For the records that follow, please set down exactly the lines between the one holding "Slide: The Image" and the one holding "a dining room", inclusive, and only those.

| RECORD SET |
BEGIN

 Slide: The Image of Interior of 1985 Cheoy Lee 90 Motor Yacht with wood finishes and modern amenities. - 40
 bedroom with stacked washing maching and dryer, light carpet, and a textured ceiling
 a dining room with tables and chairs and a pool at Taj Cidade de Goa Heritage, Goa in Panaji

END
BEGIN

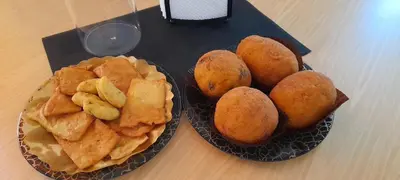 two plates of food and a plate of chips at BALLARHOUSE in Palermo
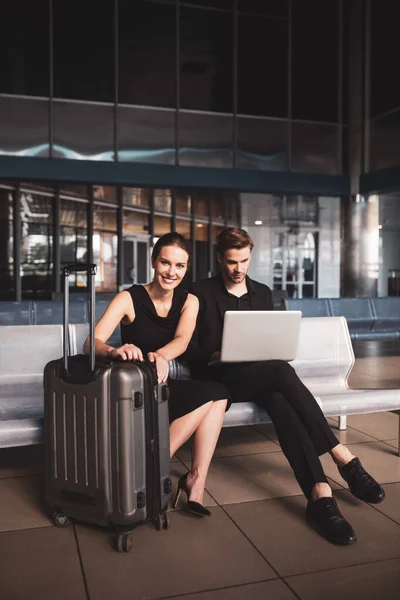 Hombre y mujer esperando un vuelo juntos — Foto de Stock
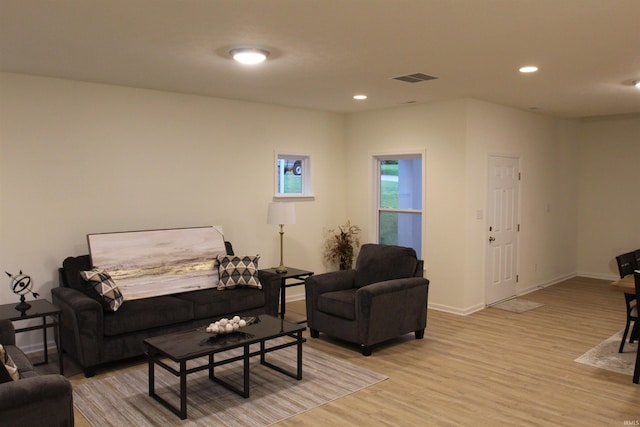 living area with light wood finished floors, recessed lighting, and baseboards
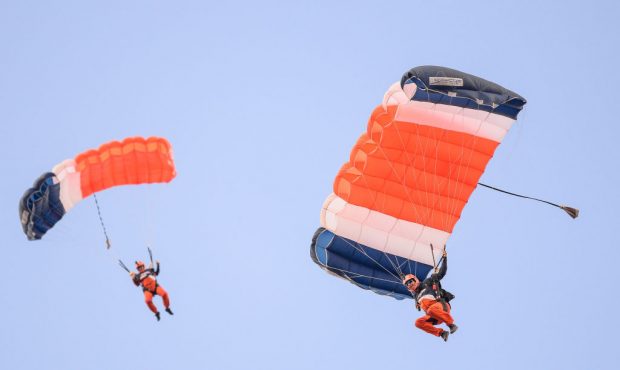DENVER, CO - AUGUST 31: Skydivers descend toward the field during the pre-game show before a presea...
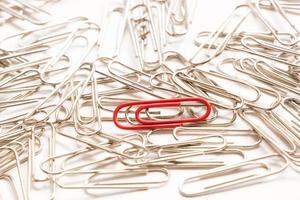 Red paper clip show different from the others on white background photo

END

| TASK ANSWER |
 Slide: The Image of Interior of 1985 Cheoy Lee 90 Motor Yacht with wood finishes and modern amenities. - 40
 bedroom with stacked washing maching and dryer, light carpet, and a textured ceiling
 a dining room with tables and chairs and a pool at Taj Cidade de Goa Heritage, Goa in Panaji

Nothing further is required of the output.